VI. Back to the Battlefields

The Filipino Americans

The Filipino army gradually broke up with one defeat after another on the battlefields. By the closing months of 1899, the army of the Philippine Republic was no longer a regular fighting force, and on November 12, 1899, the army was dissolved by Aguinaldo. It was formed into guerrilla units that would carry on the war. One by one, towns and provinces throughout the archipelago fell to the U.S. forces. Many of his civilian and military officials surrendered to or were captured by the Americans. Many of them, including Mabini, who was captured in December 1899, were deported to Guam in January 1901.

The Capture of Aguinaldo.

The capture of Aguinaldo was placed by the Americans as one of their priorities. He was able to avoid capture for quite sometime, though. That was due to the loyalty of many townspeople in the different provinces, who warned his party whenever American troops were closing in. He was also able to win some more time because of the heroic sacrifice of General Gregorio del Pilar, the “boy general” in the famous Battle of Tirad Pass on December 2, 1900, in Mountain Province. In this narrow 2,800-meter-high pass, General del Pilar, with a handpicked force of only 60 men, held off for more than five hours a battalion of Texans of the U.S. 33rd Volunteers led by Major Peyton C. March. They had been pursuing Aguinaldo and his party. Of the 60, 52 were killed and wounded; one of the last to be killed was General del Pilar.

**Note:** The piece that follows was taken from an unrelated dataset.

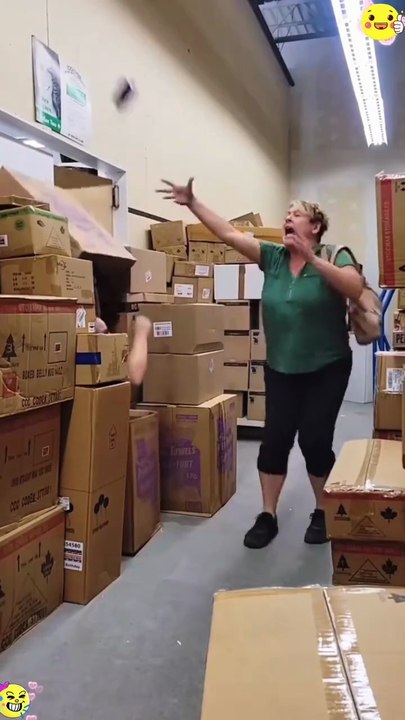 Top 10 Hilarious Scares: Epic Pranks & Funniest Screams Ever! 😱😂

Aguinaldo was finally captured on March 23, 1901, in Palanan, Isabela Province, by means of a trick planned by Brigadier General Frederick Funston. A party of pro-American Macabebe scouts marched into Palanan pretending to be the reinforcements that Aguinaldo was waiting for. With the Macabebes were two former Filipino army officers, Tal Placido and Lazaro Segovia, who had surrendered to the Americans, and five Americans, including General Funston, who pretended to be captives. Caught by surprise, Aguinaldo’s guards were easily overpowered by the Macabebes after a brief exchange of shots. Aguinaldo was seized by Tal Placido and placed under arrest by General Funston. He was brought to Manila to be kept a prisoner at Malacañang. There he was treated by General MacArthur more as a guest than as a prisoner. On April 1, 1901, convinced of the futility of continuing the war, the ambivalent Aguinaldo swore allegiance to the United States.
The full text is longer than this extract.